Great script. have an issue where the output report has doubled everything. We have 9 hosts in one environment and the report finds 18 hosts? Any ideas??
Thanks
Hi guys, i am new all to script, I have heard every one speak highly of this one, I have downloaded, but it is not working!! Please help, if any one got one with all these nice update I would much appreciate it
So the Creator portion of the Snapshots section is coming up blank since using this on vCenter 5 and PowerCLI 5. Is anybody else experiencing this and if so, is there are fix?
All charts are blank. Other info seems to be there. Any idea why charts are blank? I am using Office 2010.
Thanks,
Morrisos
I have 2 ntp servers:
10.10.10.80
and
10.10.10.85
How should i define the $ntpserver ?
Fred use “10.10.10.80|10.10.10.85″
Thanks Alan ! $ntpserver = “10.10.10.80|10.10.10.85″ working fine!
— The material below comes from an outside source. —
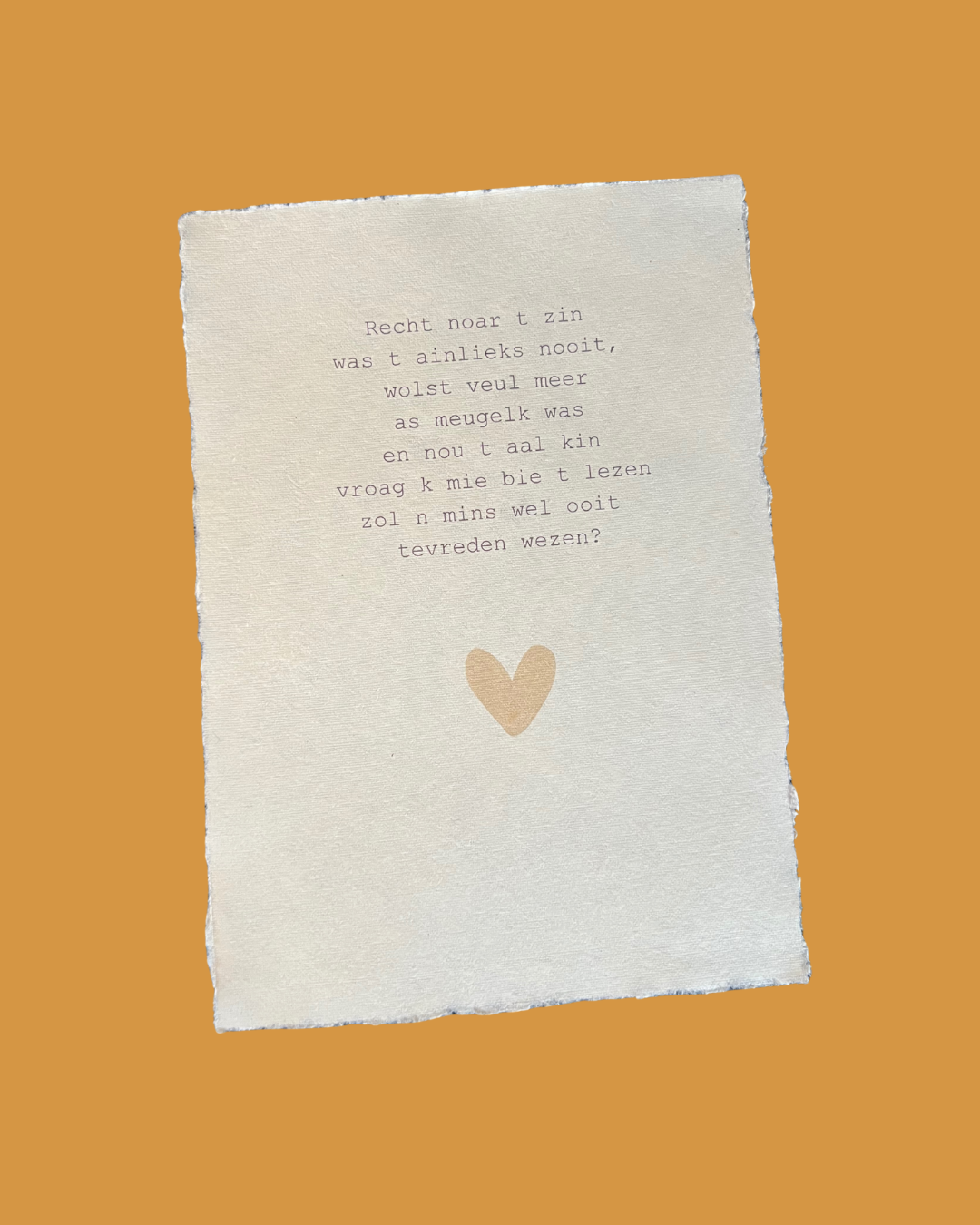 Gedicht 'Tevreden' met illustratie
At hardware version check section i had several VM´s listed although the report shows they are already on hardware version 8
I changed Where {$_.HardwareVersion -ne “Version 7″} to Where {$_.HardwareVersion -ne “Version 8″}
at vSwitch Ports Check section my report is showing all my dvSwitches and at column “ports left” there are no values.
Fred, Yes the dvSwitches dont have that property, I have changed this check in v6 to only look at standard groups, maybe another check will do the work for dvSwitches.